Section 8.2 Performance of Obligations. FCB and each of its Subsidiaries shall have performed in all material respects all covenants, obligations and agreements required to be performed by it under this Agreement prior to the Effective Time of the Merger.
Section 8.3 Certificate Representing Satisfaction of Conditions. FCB shall have delivered to EVBS a certificate of the Chief Executive Officer of FCB dated as of the Closing Date as to the satisfaction of the matters described in Sections 8.1 and 8.2 hereof, and such certificate shall be deemed to constitute additional representations, warranties, covenants, and agreements of FCB under Article 3 of this Agreement.
Section 8.4 Opinion of Counsel. EVBS shall have received the opinion of Cantor Arkema, P.C., counsel to FCB, dated the Effective Time to the effect set forth in Exhibit 8.4 hereof.
Section 8.5 Consents Under Agreements. FCB and each of its Subsidiaries shall have obtained the consent or approval of any Person whether or not identified in Disclosure Schedule 3.6(b) or 3.7 whose consent or approval shall be required in order to permit the succession by the Surviving Corporation to any obligation, right or interest of FCB or any of its Subsidiaries under any loan or credit agreement, note, mortgage, indenture, lease, license, or other agreement or instrument.
Section 8.6 Outstanding Shares of FCB. EVBS and FCB shall have agreed on the total number of FCB Shares and FCB Series A Preferred Shares outstanding and the total number of FCB Shares covered by any option, warrant, commitment, restricted stock grant, or other right or instrument to purchase or acquire FCB Shares or FCB Series A Preferred Shares that are outstanding as of the Effective Time of the Merger, including any securities or rights convertible into or exchangeable for FCB Shares or FCB Series A Preferred Shares.

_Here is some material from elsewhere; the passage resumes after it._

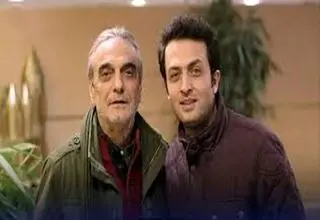 اشک‌های مصطفی زمانی در مراسم خاکسپاری همایون ارشادی+ فیلم
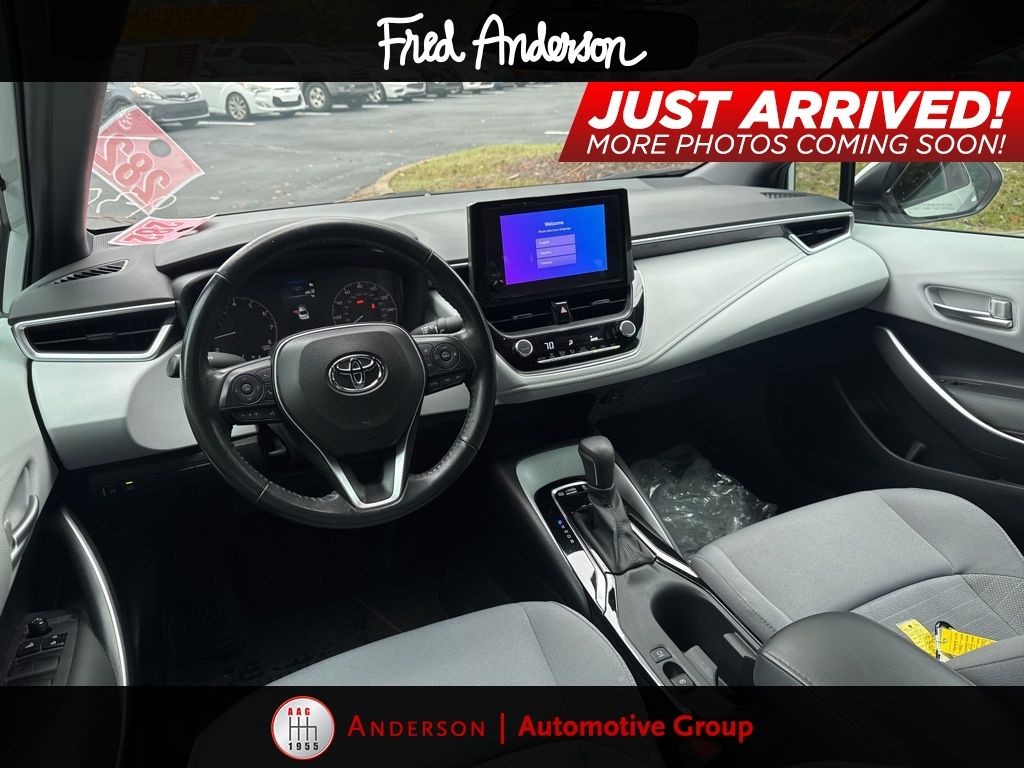 2023 Toyota Corolla SE photo 2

Section 8.7 Tax Opinion. EVBS shall have received an opinion of Williams Mullen, in form and substance reasonably satisfactory to EVBS, on or before the date on which the Proxy Statement of EVBS is to be mailed to the EVBS shareholders, to the effect, among others, that the Merger will constitute a reorganization within the meaning of Section 368 of the Code. In rendering its opinion, Williams Mullen may require and rely upon representations outlined in letters from EVBS and others.
Section 8.8 Fairness Opinion. The Board of Directors of EVBS shall have received an opinion from Keefe Bruyette & Woods dated as of the date that the EVBS Board of Directors approves this Agreement stating that the Merger Consideration is fair, from a financial point of view, to EVBS.

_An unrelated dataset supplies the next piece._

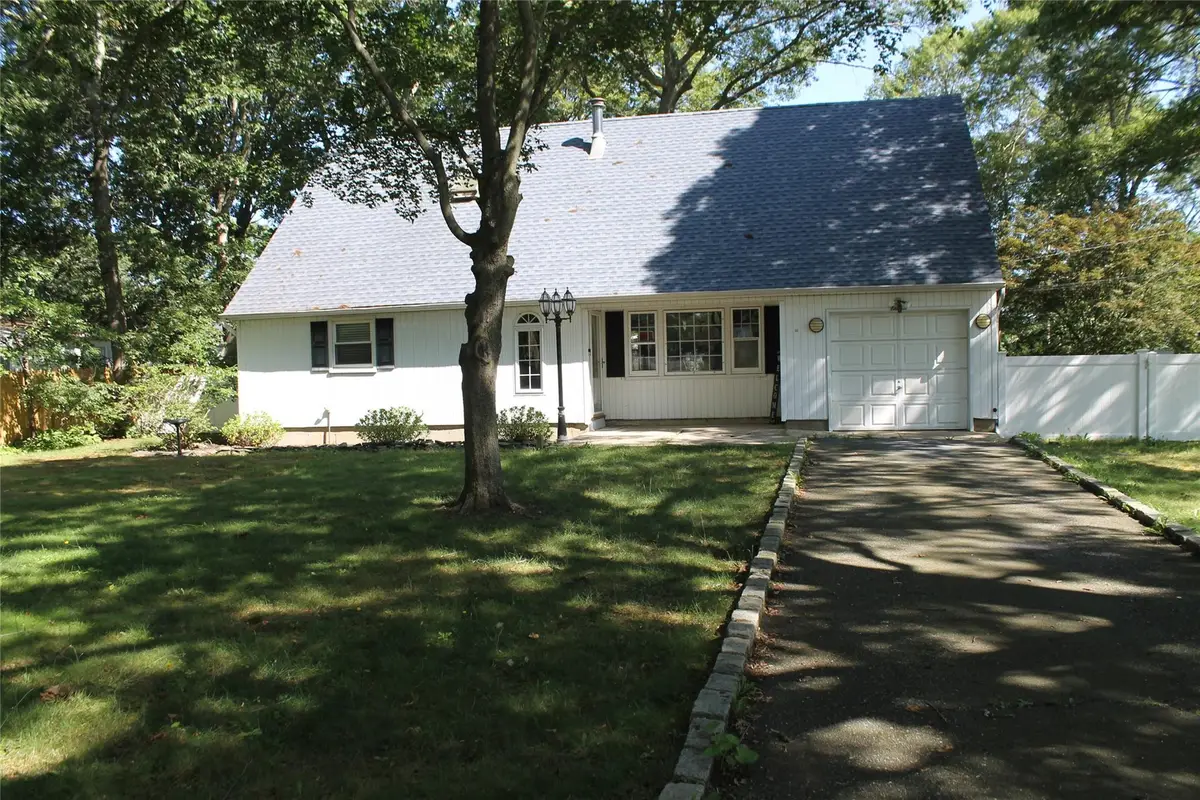 11 Roberts Road, Shirley, NY 11967 - Image #1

Section 8.9 Assertion of Appraisal Rights. No holder of FCB Series A Preferred Shares shall have asserted appraisal rights under Section 13.1-730 of the Code of Virginia, as amended.
Section 8.10 Additional Capital. Consistent with and pursuant to that certain letter from the Department of the Treasury dated March 3, 2009 set forth on Schedule 8.10, FCB shall have closed its transaction with the United States Treasury (prior to the Effective Time) under EESAs Troubled Asset Relief Program Capital Purchase Program, for a minimum subscription of at least $10,900,000.